It seems like magic at first: Someone layers the vocals from Smash Mouth’s “All Star” over the piano part from Journey’s “Don’t Stop Believin’,” and it fits perfectly. A miracle? Hardly. In a new video called “The Music Theory Of Mashups,” musician and YouTuber Adam Neely explains what’s happening. Once they’re transposed to the same key, lots of songs can be spliced this way. A lot of it has to do with finding identical or at least complementary chord progressions. The Axis Of Awesome, an Australian musical comedy act, has already gotten plenty of mileage out of this concept. The true key to mashups, Neely says, is the “amazing flexibility” of the diatonic (major) scale, plus the prevalence of four-bar phrase lengths and cyclic chords in popular music. “As long as two songs have tempos that are reconcilable,” Neely argues, “there’s a high probability that they will work together.”
But mashup culture, which relies on taking seemingly disparate things and sewing them together, is a product of the irony-drenched internet age, right? Wrong, says Neely. He traces the lineage back to the 16th century, when naughty composers were weaving popular melodies into the traditional Catholic mass, literally combining the sacred and the profane. This kind of musical combination is called a “quodlibet,” a Latin term meaning “what pleases.” The irreverent practice then spread to 18th century Germany, where it was taken up by Johann Sebastian Bach, whose Goldberg Variations ends with a quodlibet. The joke is sort of lost in 2016, but Neely insists it’s there.

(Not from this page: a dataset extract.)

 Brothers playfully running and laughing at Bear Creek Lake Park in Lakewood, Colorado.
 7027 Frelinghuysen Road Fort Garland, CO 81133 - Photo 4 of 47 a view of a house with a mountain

These combinations don’t have to be comedic either. Neely cites Nina Simone’s poignant version of “Little Girl Blue,” in which she sings the melody over the piano part from “Good King Wenceslas.” And quoting other melodies has long been a favorite practice among jazz musicians. “It’s kind of a point of pride to see how many kinds of melodies you can weave within one solo.”